As mulheres de Corto - Banshee O’Danann

Nenhum outro momento será tão intensamente melancólico e triste como aquele que é vivido entre Corto e Banshee numa praia irlandesa batida pelo vento e sobrevoada pelas gaivotas. Corre o ano de 1917 e os fragores da insurreição do Domingo de Páscoa do ano anterior, em Dublin, ainda não se dissiparam por completo.

— Partes, Corto Maltese?

— Sim...! Queres vir comigo?

— Chamo-me Banshee, lembras-te?... Dou azar. Dei azar aos dois homens que amava... Não posso correr esse risco contigo... E depois a Irlanda ainda precisa de todos os seus... Adeus, Corto...

Banshee O’Donann era mulher de Pat Finnucan, um herói-traidor da causa irlandesa. Militante revolucionária do movimento Sinn Fein, tem um nome próprio cujo significado ela revela ao herói num dos fugazes encontros entre ambos. As “banshee”, explica a jovem com uma ironia amarga, são feiticeiras de mau agouro para quem as encontrar, sobretudo se estiverem em cima de uma torrente — como era o caso na situação descrita. Banshee espera que sejam apenas os ingleses e os traidores da causa irlandesa as vítimas dessa acção funesta. Mas nada na sua vida é o que parece já que, sem o saber, recai sobre si um pouco desse funesto destino fixado pelos deuses — de facto, ela casa com o herói oficial irlandês que se vendeu aos ingleses e passa a odiar o símbolo humano do colaboracionismo que, afinal, oculta o verdadeiro mártir.
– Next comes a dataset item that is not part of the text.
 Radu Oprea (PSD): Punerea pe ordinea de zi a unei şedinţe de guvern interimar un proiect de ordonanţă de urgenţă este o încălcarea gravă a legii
Não voltam a encontrar-se, embora a bela irlandesa nunca mais tenha esquecido esse breve encontro que mudou toda a sua vida. Numa carta escrita dois anos depois, mas que nunca ousou enviar a Corto, Banshee evoca a última imagem que teve do marinheiro, “a de uma longa silhueta encostada a uma duna”, formando “umúnico corpo com o horizonte e só as aves marinhas assinalavam a tua presença”. Acaba os seus dias na verde Irlanda, no país dos Tuetha de Danann, reis mágicos da mitologia celta.